SMOTE(Synthetic Minority Over-Sampling Technique) is an over-sampling approach in which the minority class is over-sampled by creating “synthetic” examples rather than by over-sampling with replacement(dulicating the data).


According to the original research paper “SMOTE: Synthetic Minority Over-sampling Technique” (Chawla et al., 2002), “synthetic samples are generated in the following way:
1. Take the difference between the feature vector (sample) under consideration and its nearest neighbour.
2. Multiply this difference by a random number between 0 and 1, and add it to the feature vector under consideration. 
This causes the selection of a random point along the line segment between two specific features. This approach effectively forces the decision region of the minority class to become more general.

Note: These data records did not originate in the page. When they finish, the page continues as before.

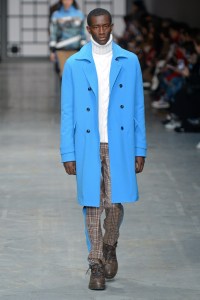 Trussardi RTW Fall 2018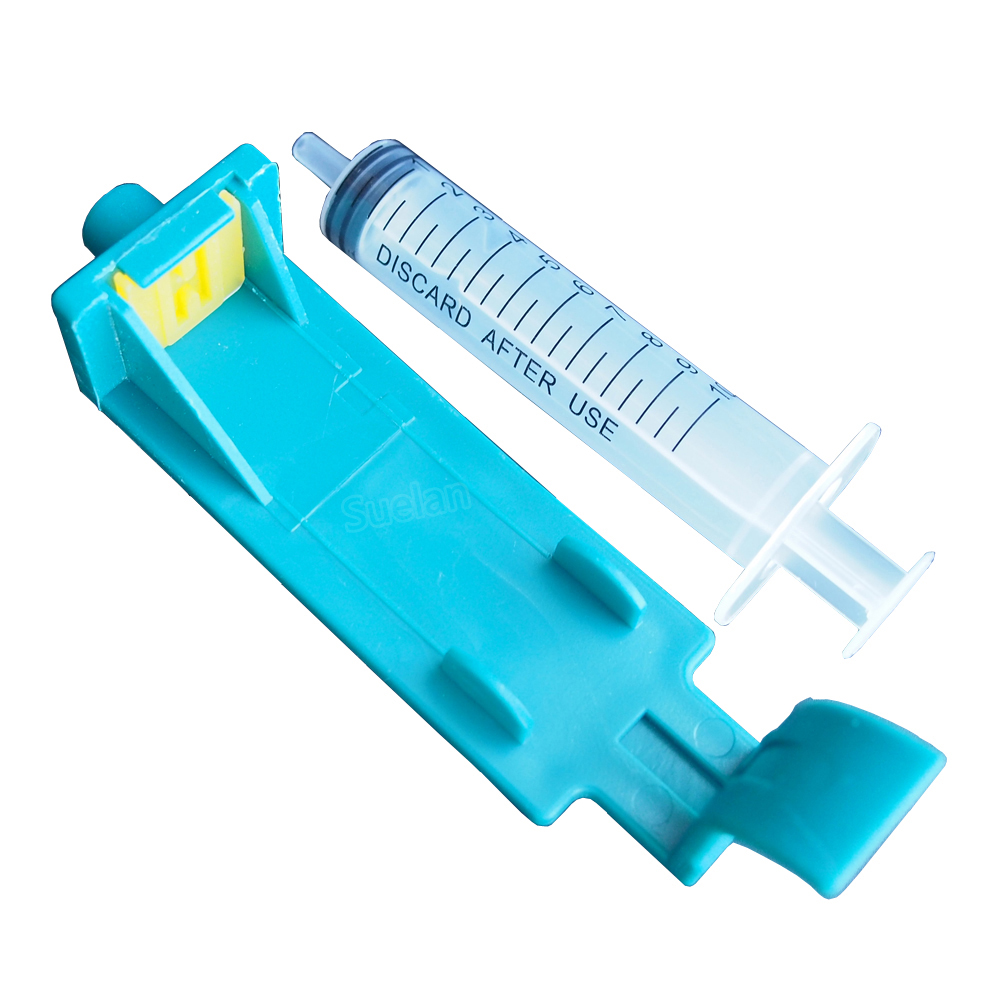 Ink Cartridge - Herramienta de recarga de cartucho para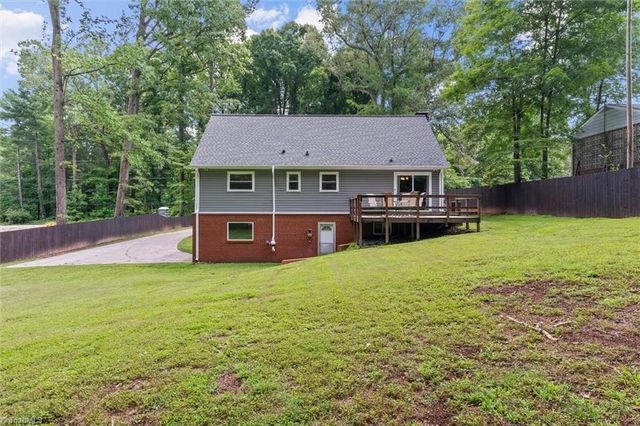 521 Dogwood Circle, High Point, NC 27260
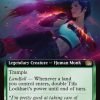 Magic The Gathering Final Fantasy #473 Tifa Lockhart (Extended Art) - 1 - JToys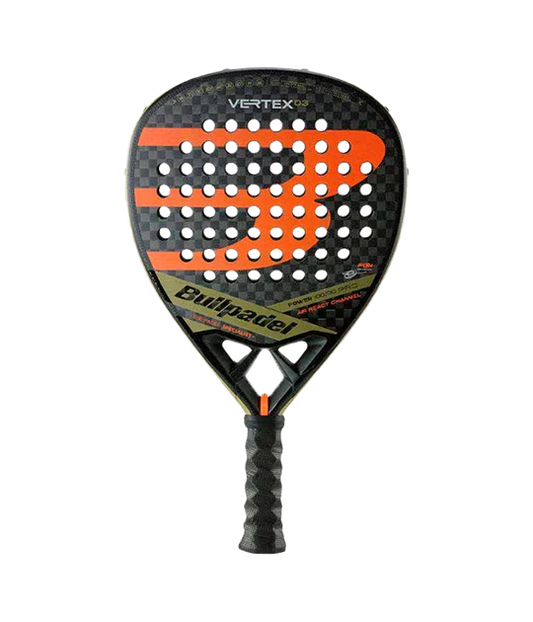 Bullpadel VERTEX Racket 03 2023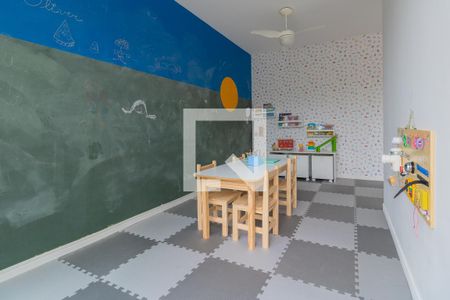 Apartamento à venda com 200m², 3 quartos e 3 vagasBrinquedoteca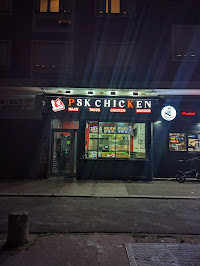 Photos du propriétaire du Restaurant PSK CHICKEN à Saint-Ouen-sur-Seine - n°1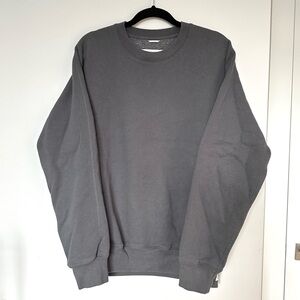 Reigning Champ: Heavyweight Fleece Crewneck (Size M Men)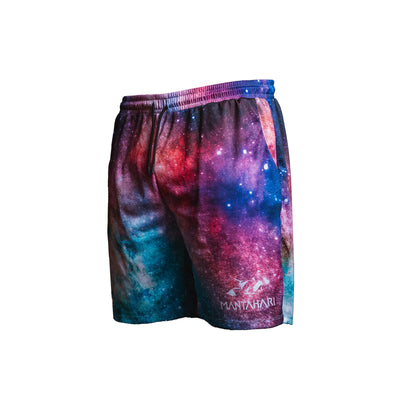 RAYS IN SPACE SHORTS 2.0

We are going to use the imblearn library to implement SMOTE

In [None]:
from imblearn.pipeline import make_pipeline
from imblearn.over_sampling import SMOTE
SMOTE_pipeline = make_pipeline(tvec, SMOTE(random_state=777),lr)

In [None]:
lr_cv(5, data.text, data.airline_sentiment, SMOTE_pipeline, 'macro')


From the above results,we see that we get a better accuracy and f1 score from using SMOTE.This  means that the model is not biased towarda any particular class (neg,pos or neu).Thus we conclude that using SMOTE did actually increase the model and this is an effective way to deal with imbalanced datasets.